Sunday, April 17, 2011

Classes and Interfaces - Part 1

Minimize the accessibility of classes and members
  1. Information hiding (a.k.a. encapsulation) is very important to have a very neat API and to have loosely coupled components.
  2. It is advisable to make a class or member as inaccessible as possible. Top-level classes can be package-private or public. If it is being used by only one other class, make it an inner class.
  3. Member variables/methods of a class can be private, protected, package-private, or public.
  4. Java doesn’t allow overridden methods to have a lower scope than the super class. Also all the methods declared in an interface are assumed to be public only.
  5. Classes with public mutable fields are not thread-safe. In general fields of a class must never be public. A final field with reference to a mutable object has all limitations of a non-final field. Note that a non-zero length array is always mutable. So it should never be made public or its reference should never be returned. To fix this problem use Collections.unmodifiableList(Array), or you can clone the array and then return it.
In public classes, use accessor methods, not public fields
  1. If a class is accessible outside its package, provide public accessor methods. In case it is an immutable field, it can be exposed.

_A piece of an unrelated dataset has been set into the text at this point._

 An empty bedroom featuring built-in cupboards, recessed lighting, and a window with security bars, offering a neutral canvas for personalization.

  2. If a class is package-private or a private nested class, though it is highly recommended, you can choose to do otherwise also.
Minimize Mutability
  1. Immutable classes are easier to design, test and are less prone to errors. To make a class immutable, don’t provide any method that modifies the objects internal state. Ensure that the class can’t be extended. Make all the fields of the class private and final. If the class contains references to mutable objects, ensure that the clients can never obtain a reference to those objects.

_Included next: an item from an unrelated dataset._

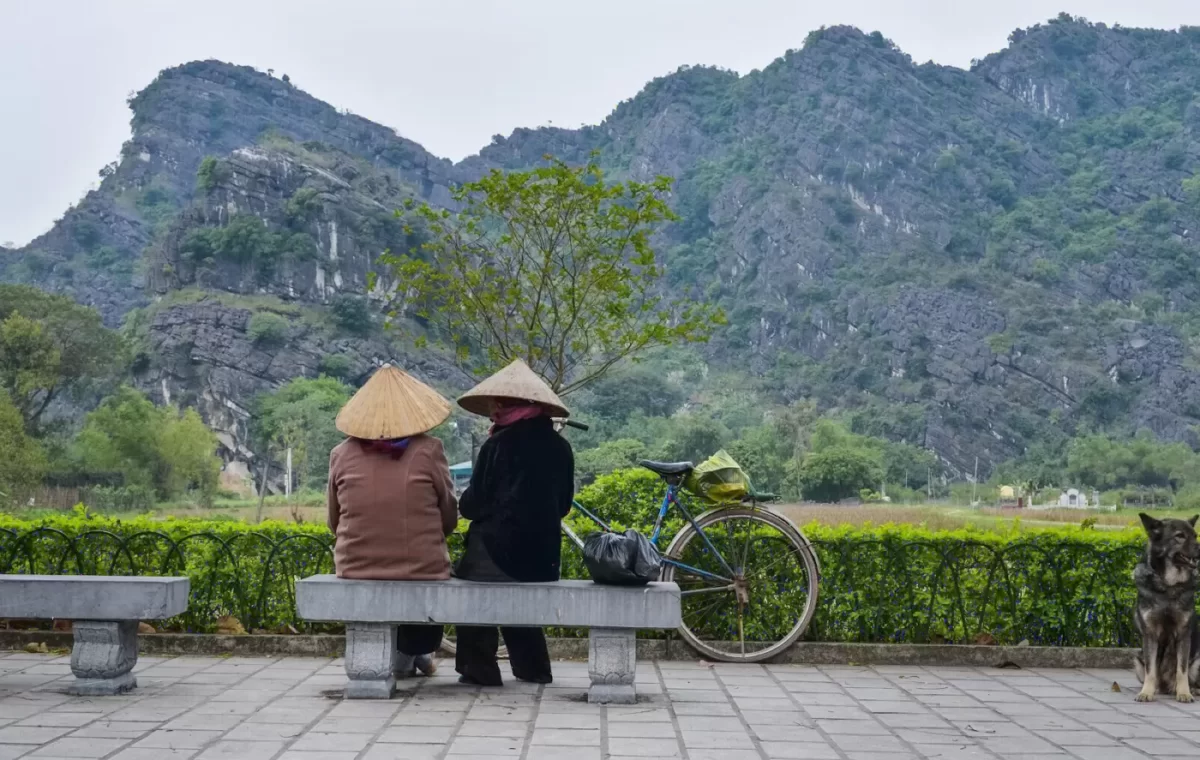 Hai du khách ngồi nghỉ bên cánh đồng và núi đá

  2. Immutable classes should always take functional approach by creating a new object and returning it rather than modifying the existing object itself.       Immutable classes are always thread-safe. It should also try reusing the same instances rather than creating new ones. Immutable classes should not have any copy constructor.
  3. Immutable classes can also share their internal referenced objects across objects. E.g. BigInteger internally has an int to represent the sign, and an array to store the number. When you use negate() function, it creates a new BigInteger with a different sign, but will reuse the same array of the caller object for optimization reasons.

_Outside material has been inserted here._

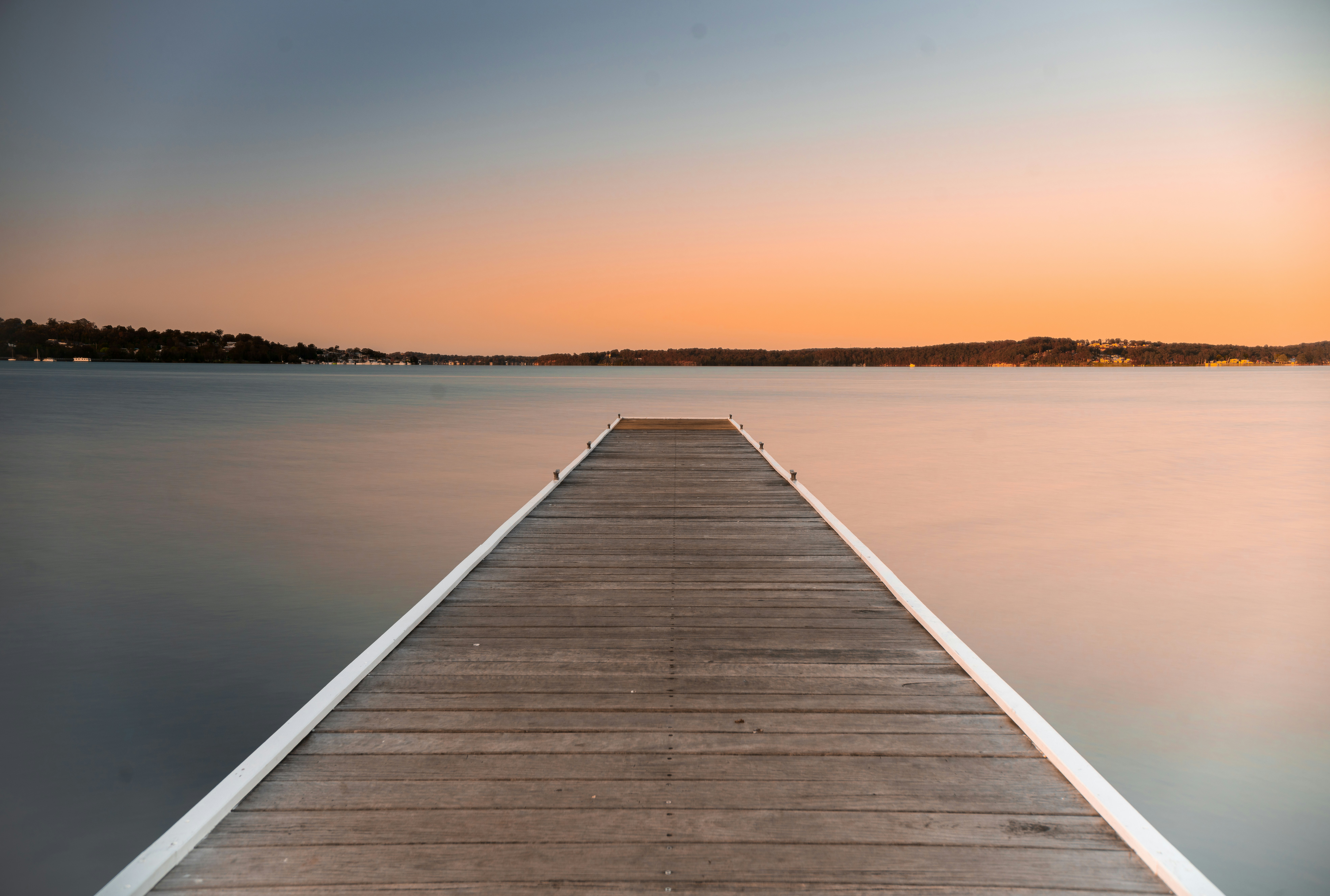 brown wooden dock on beach during sunset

  4. One disadvantage of immutable classes is that, it might become a performance overhead as new objects have to be created for every minor change in value of the object. If an operation is performed in multiple steps, it might lead to creation of many immutable objects being created.
  5. Generally immutable classes expose a public mutable companion class to perform multistep operations. E.g. StringBuilder is the mutable companion of String class.
  6. If an immutable class implements Serializable interface and it contains fields referring to mutable objects, you must provide an explicit readObject or readResolve method, or use the ObjectOutputStream.writeUnshared and ObjectInputStream.readUnshared methods, even if the default serialized form is acceptable.
Favour composition over inheritance
  1. Unlike method invocation, inheritance violates encapsulation. Subclasses depend on the implementation of super class for proper functioning. Changes in superclass might break the subclasses.
  2. Create a class called Forwarding class in which each method of the composition object has a corresponding method in the Forwarding class. So it is always better for the Forwarding class to implement the interfaces that the contained class has implemented. It becomes more like Decorator. For any value addition, instead of using inheritance, implement a Forwarding class and add the new value to that class.
  3. Disadvantage: Wrapper classes are not suitable for callbacks where an object passes itself to other objects for subsequent invocations. Because a wrapped object doesn’t know of its wrapper, it passes a reference to itself and callbacks elude the wrapper. This is called a SELF problem.
I have taken these points from the book "Effective Java" which I consider as a MUST READ book for every JAVA developer.